J2福岡 新守護神・囲、攻守でキラリ
■武器は高さ&高精度キック
今季初の連勝に沸いた試合後のスタジアム。福岡サポーターの声援を一身に浴びたのは190センチの新守護神だ。「僕の高さとキックを生かして自信を持ってやった」
移籍後初スタメン。J2初出場の囲は前半4分の先制から1分後に同点弾を許したが、そこから本領を発揮した。長身選手が並ぶ千葉のハイボールをがっちりキャッチして処理。千葉のDFラインの背後を狙って最後尾から正確なフィードを上げ続け、3得点した攻撃にも貢献した。
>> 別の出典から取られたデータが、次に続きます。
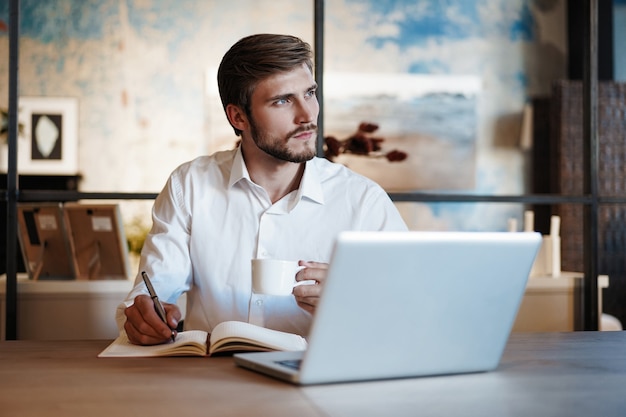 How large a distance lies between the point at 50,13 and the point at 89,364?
12.2 feet

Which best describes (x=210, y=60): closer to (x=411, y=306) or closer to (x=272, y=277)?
(x=272, y=277)

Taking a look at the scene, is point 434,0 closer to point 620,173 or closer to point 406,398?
point 620,173

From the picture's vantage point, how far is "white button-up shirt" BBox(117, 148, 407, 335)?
2027 millimetres

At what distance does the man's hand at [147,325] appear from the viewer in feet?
4.88

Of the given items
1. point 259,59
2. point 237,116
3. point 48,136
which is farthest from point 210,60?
point 259,59

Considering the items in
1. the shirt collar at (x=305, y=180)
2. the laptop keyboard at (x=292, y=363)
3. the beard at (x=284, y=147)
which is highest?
the beard at (x=284, y=147)

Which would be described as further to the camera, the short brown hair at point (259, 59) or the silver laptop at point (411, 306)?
the short brown hair at point (259, 59)

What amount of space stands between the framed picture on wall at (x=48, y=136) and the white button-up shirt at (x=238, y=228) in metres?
2.79

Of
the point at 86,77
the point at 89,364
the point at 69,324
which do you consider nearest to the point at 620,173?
the point at 86,77

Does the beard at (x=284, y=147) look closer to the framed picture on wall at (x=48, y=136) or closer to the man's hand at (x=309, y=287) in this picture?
the man's hand at (x=309, y=287)

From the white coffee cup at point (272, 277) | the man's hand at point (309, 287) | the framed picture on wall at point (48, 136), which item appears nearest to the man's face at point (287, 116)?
the man's hand at point (309, 287)

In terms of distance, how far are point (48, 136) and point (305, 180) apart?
10.00ft

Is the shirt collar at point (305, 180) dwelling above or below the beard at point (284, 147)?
below

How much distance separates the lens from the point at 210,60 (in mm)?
4844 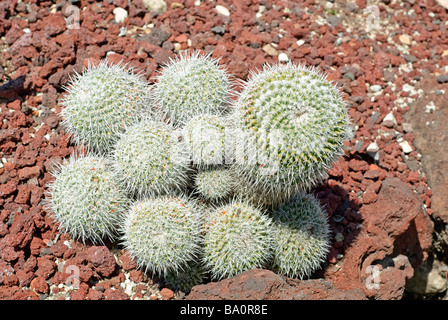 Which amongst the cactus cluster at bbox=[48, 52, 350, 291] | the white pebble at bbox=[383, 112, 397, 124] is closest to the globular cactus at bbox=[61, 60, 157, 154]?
the cactus cluster at bbox=[48, 52, 350, 291]

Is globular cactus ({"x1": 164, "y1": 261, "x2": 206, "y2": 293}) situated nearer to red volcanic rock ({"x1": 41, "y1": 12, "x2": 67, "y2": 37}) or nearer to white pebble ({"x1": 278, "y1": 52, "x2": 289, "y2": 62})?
white pebble ({"x1": 278, "y1": 52, "x2": 289, "y2": 62})

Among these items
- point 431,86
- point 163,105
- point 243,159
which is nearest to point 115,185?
point 163,105

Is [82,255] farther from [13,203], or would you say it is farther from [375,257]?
[375,257]

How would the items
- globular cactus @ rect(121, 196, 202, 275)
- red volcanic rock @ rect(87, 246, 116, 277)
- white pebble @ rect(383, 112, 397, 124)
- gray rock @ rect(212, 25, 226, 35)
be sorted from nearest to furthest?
1. globular cactus @ rect(121, 196, 202, 275)
2. red volcanic rock @ rect(87, 246, 116, 277)
3. white pebble @ rect(383, 112, 397, 124)
4. gray rock @ rect(212, 25, 226, 35)

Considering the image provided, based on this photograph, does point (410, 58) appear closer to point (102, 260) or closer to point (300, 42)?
point (300, 42)

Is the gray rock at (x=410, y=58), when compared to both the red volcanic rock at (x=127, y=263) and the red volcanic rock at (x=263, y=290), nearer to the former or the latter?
the red volcanic rock at (x=263, y=290)

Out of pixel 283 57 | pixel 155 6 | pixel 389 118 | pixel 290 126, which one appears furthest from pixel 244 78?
pixel 290 126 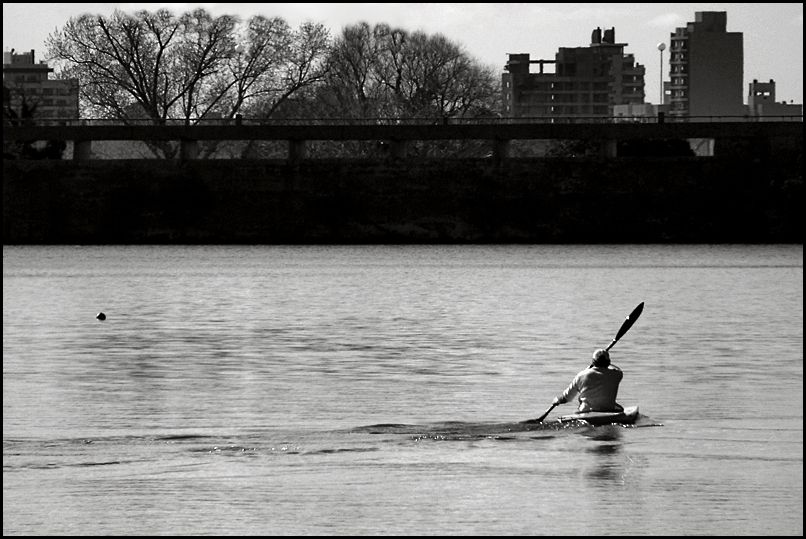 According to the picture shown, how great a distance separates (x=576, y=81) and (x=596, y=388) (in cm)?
17042

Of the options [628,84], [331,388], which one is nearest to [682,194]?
[331,388]

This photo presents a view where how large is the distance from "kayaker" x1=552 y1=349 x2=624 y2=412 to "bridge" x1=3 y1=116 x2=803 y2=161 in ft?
178

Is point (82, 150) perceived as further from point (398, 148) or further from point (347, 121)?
point (347, 121)

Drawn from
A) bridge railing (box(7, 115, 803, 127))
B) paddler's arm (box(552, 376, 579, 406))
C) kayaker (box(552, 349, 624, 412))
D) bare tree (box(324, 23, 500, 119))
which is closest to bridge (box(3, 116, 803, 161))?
bridge railing (box(7, 115, 803, 127))

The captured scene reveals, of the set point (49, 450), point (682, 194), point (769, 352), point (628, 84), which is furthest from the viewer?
point (628, 84)

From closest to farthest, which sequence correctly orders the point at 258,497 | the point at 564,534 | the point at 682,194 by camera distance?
the point at 564,534 < the point at 258,497 < the point at 682,194

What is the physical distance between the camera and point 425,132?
2899 inches

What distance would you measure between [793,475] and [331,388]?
782 centimetres

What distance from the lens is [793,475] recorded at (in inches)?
582

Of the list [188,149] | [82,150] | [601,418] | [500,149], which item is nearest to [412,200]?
[500,149]

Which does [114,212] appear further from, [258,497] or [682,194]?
[258,497]

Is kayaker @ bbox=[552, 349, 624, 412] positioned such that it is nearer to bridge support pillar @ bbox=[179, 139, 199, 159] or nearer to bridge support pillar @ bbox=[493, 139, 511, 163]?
bridge support pillar @ bbox=[493, 139, 511, 163]

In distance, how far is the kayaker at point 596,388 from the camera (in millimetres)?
16984

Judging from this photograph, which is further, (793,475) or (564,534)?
(793,475) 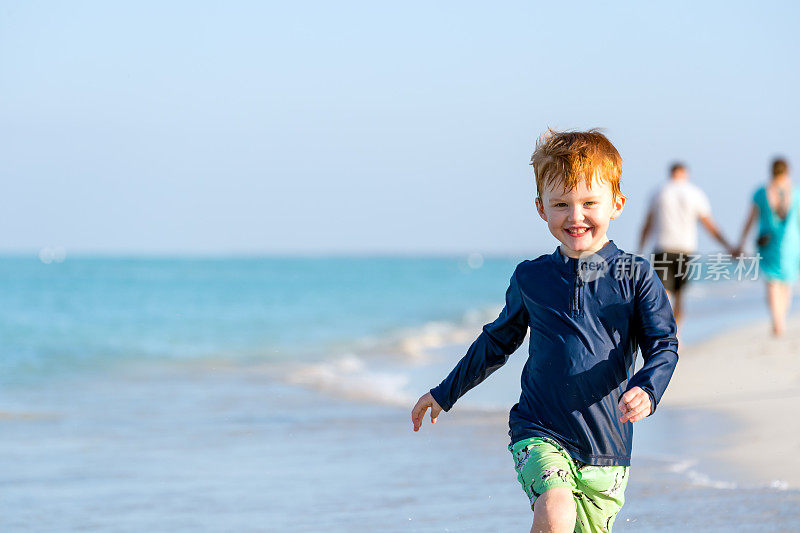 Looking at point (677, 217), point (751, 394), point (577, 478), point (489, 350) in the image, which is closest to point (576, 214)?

「(前節まで3戦無敗と)勝っている流れで、キーパーの交代を決断した理由は千葉の高さ対策と囲の素晴らしいキック」。井原監督が明かす狙い通りの活躍だった。
サプライズ起用だ。開幕から第2GKとしてベンチ入りしていたが、前節山口戦でメンバーから外れた。山口戦前に監督室に呼ばれ、井原監督から直接、告げられたという。これで囲のスイッチが入った。「進化しよう」。悔しさを押し殺した1週間後に訪れた出番。「いつも練習で100パーセントを出してくれていた。初先発でも自信を持って送り出した」と井原監督はうなずいた。
熊本・大津高から桃山学院大に進学。大学卒業時にも当時の福岡で指揮を執ったプシュニク監督がその身体能力の高さにほれ込み、獲得に動いた大型GKだ。FC東京、C大阪とJ1で出場機会を得られずに今季、C大阪から期限付き移籍。「いつチャンスがきてもいいように準備してきた」。眠っていた才能をこの試合にぶつけた。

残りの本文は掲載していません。